** Opening Recorded information block **

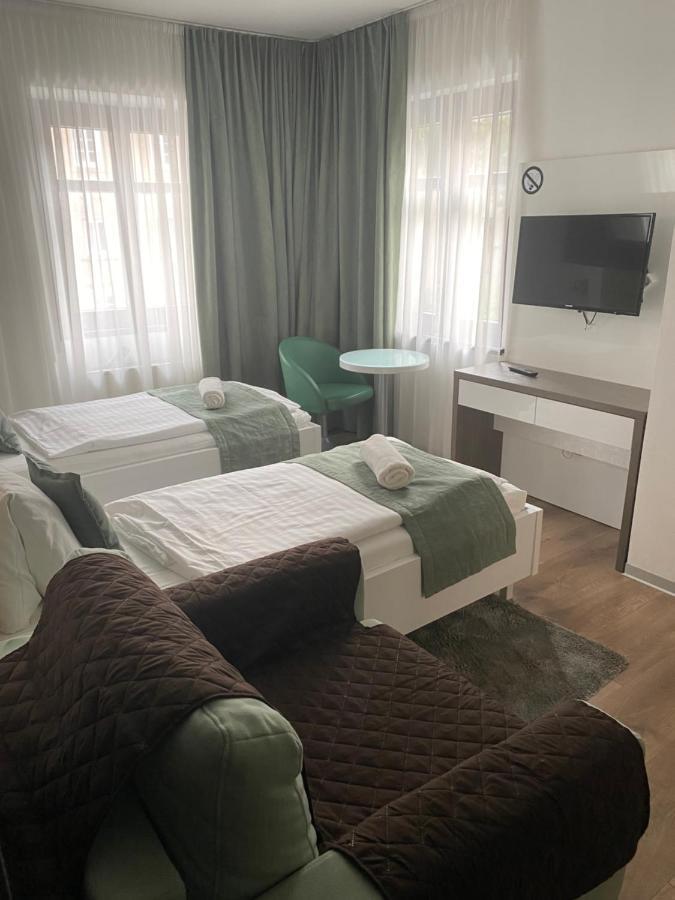 Vip Apartment *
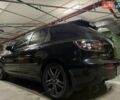 Черный Мазда 3, объемом двигателя 1.6 л и пробегом 135 тыс. км за 8500 $, фото 8 на Automoto.ua
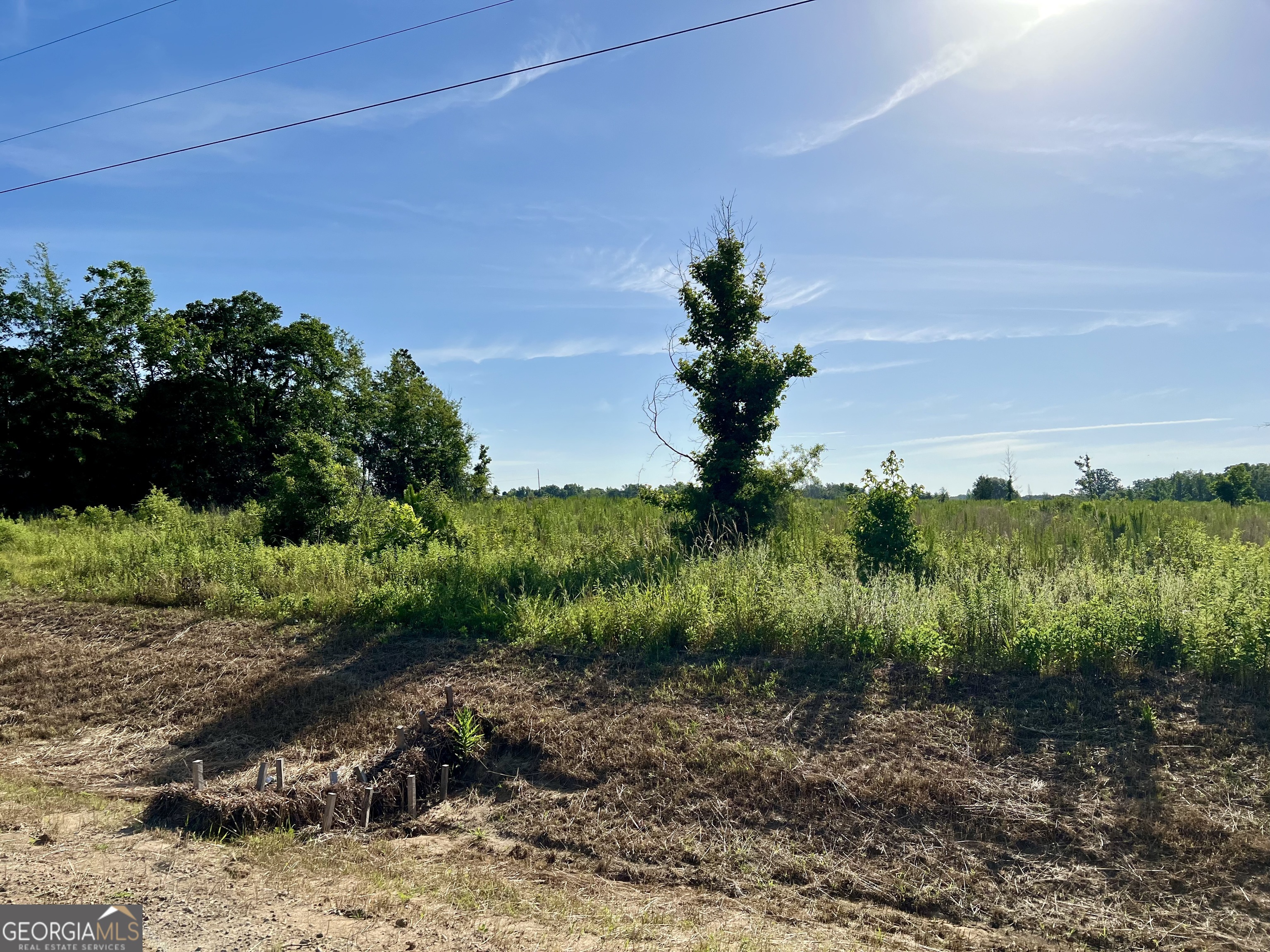 0 Tucker Grove Church Road Wrightsville GA 31096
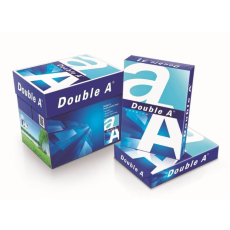 Double A A4 Copier Paper 80gsm 500s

** Closing Recorded information block **

## Task statement
Please repeat all of the data exactly, excluding images.

## Answer to this task
 Vip Apartment *
 Черный Мазда 3, объемом двигателя 1.6 л и пробегом 135 тыс. км за 8500 $, фото 8 на Automoto.ua
 0 Tucker Grove Church Road Wrightsville GA 31096
 Double A A4 Copier Paper 80gsm 500s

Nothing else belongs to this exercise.